We are now more than a full week past Sarah Palin's convention speech, and the rhetoric is continuing to fly. One would think that the choice of a VP running mate would fade into the background, but it certainly hasn't in this case. Palin's supporters seem just as fanatical as they were last week, and her critics are as stridently determined to bring her down as they have been. Much has been made of the poll numbers being released from every source engaging in the practice of annoying people in their homes. I quit believing in these political surveys years ago. I have absolutely no faith that they reflect what people are truly thinking, nor do I believe that they are accurate predictors of future behavior. I learned of their essentially flawed nature in 2000.

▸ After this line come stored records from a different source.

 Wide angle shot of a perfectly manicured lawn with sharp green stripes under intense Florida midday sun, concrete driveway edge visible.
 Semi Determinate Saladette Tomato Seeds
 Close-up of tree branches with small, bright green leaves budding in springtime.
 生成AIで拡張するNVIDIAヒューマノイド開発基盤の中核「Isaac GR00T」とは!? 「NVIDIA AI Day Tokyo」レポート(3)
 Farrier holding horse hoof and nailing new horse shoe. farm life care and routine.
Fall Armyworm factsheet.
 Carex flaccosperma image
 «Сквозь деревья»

So although conventional wisdom tends to suggest that "Palin-mania" will die off, it shows no signs of abating. Meanwhile people I've known for several years are starting to act in very odd ways. One person who I've known for awhile has resorted to personal attacks in the process of arguing with me. Apparently the outcome of this race means so much to him that he has decided to bring unrelated aspects of my life into the discussion. He knows I value the separation between my online presence and my actual life, and at first I thought that he didn't realize what he was doing. But even after I tried to address the issue privately, the attacks continued.
Why someone would jeopardize an otherwise amiable association with someone just to make a political point on a blog is beyond me. Especially considering that the poster-in-question valued his own privacy enough to insist on commenting anonymously. I have never considered revealing his true identity to other readers of the blog. I know that he'd rather not have his political ramblings interfere with his personal and professional life. In fact he has said as much in the past. That's why it's so surprising that he refuses to extend that same courtesy and respect toward me. I fully expect strangers to unload on this blog without concern for feelings or consequences. That's fair game. But to use insight gathered through "non-virtual" interactions in an online argument should be considered out-of-bounds.

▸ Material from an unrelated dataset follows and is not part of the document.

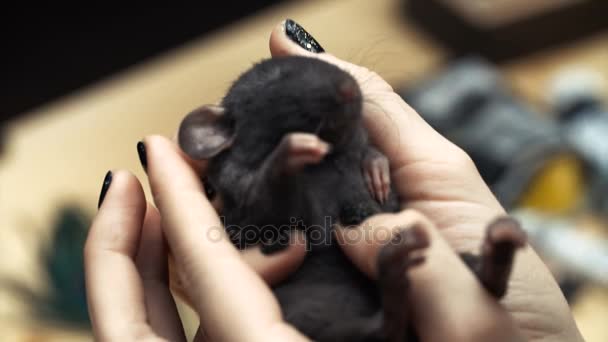 Mooi lief meisje houdt een hand een klein huisdier thuis weinig bruin muis close-up. Ze aaien haar kussen en glimlacht. Jonge vrouw met pet rat. — Stockvideo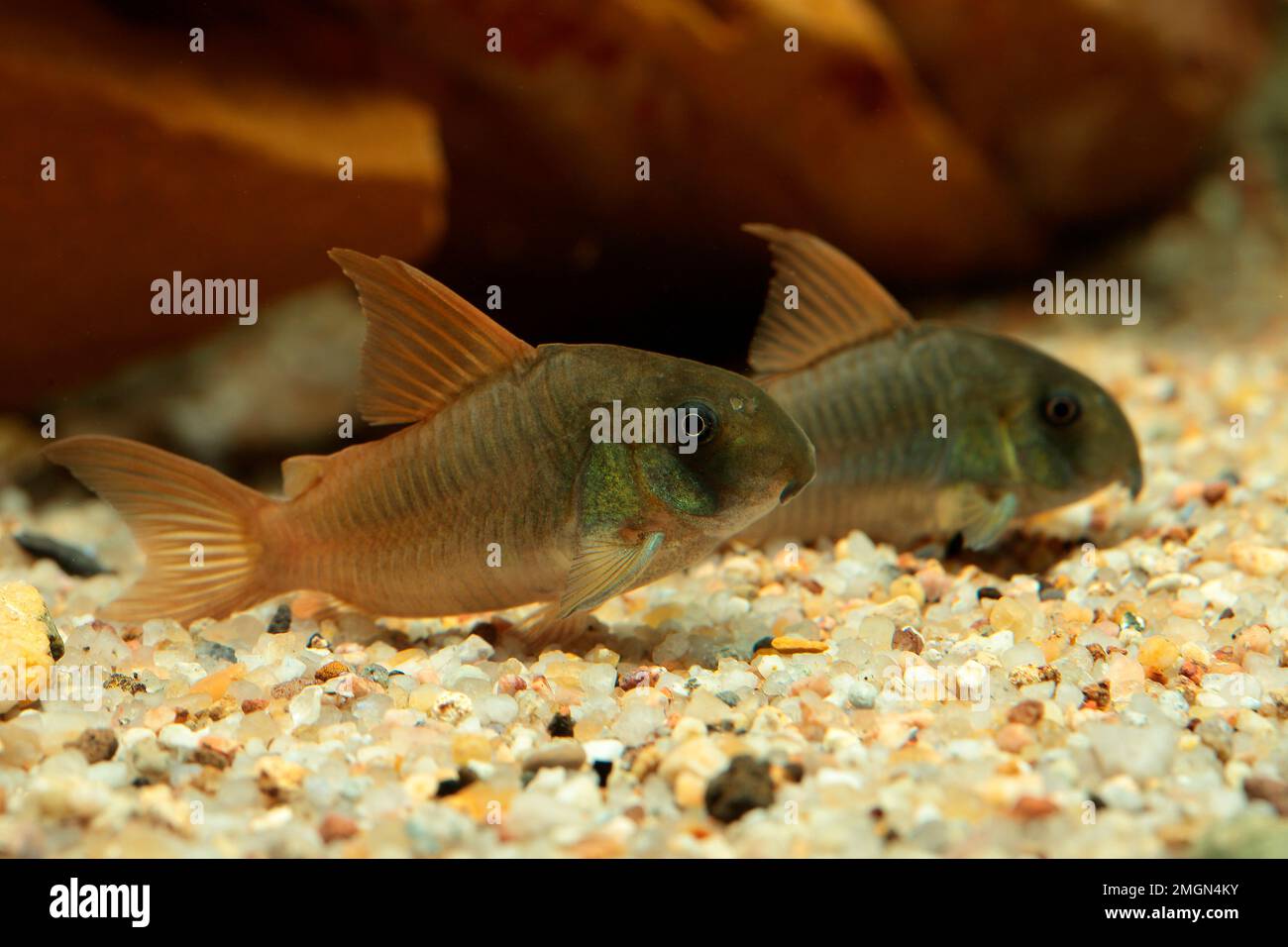 Bronze Corydoras (Corydoras aeneus) 'black venezuela', Corydoras 'black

Because of this occurrence, I have been compelled to switch to the "comment moderation" mode. I will now be reviewing all responses left on this blog. It's a real shame that it's come to this. I am adamantly against censorship, and would ordinarily never engage in deleting or refusing comments. As anyone who has read Serendipity for any length of time realizes, I tolerate and even seek out divergent opinions. I make every effort not to personalize my responses. And it's a very rare occasion when I ignore a comment. I enjoy getting in the muck now and again, and hashing things out. But I make consistent efforts to make sure my focus is on the issues, rather than the person.
I fear that the "politics of personal destruction" are creeping into our lives. I'm seeing less and less acceptance of disagreement when it comes to values and philosophy. Respect for others as participants in a "democracy" seems to be eroded continuously. It is still possible to share a goal without establishing agreement regarding process or justification; not everyone needs to be an idealogue. Perhaps we'll reach a point in our society when we can no longer debate the issues without personalizing them. I hope not, but during periods like this it's easy to imagine that time is nigh. There's a certain chilling effect when people insist on "exposing you" for the sins that they project, based on preconceptions of who "you are".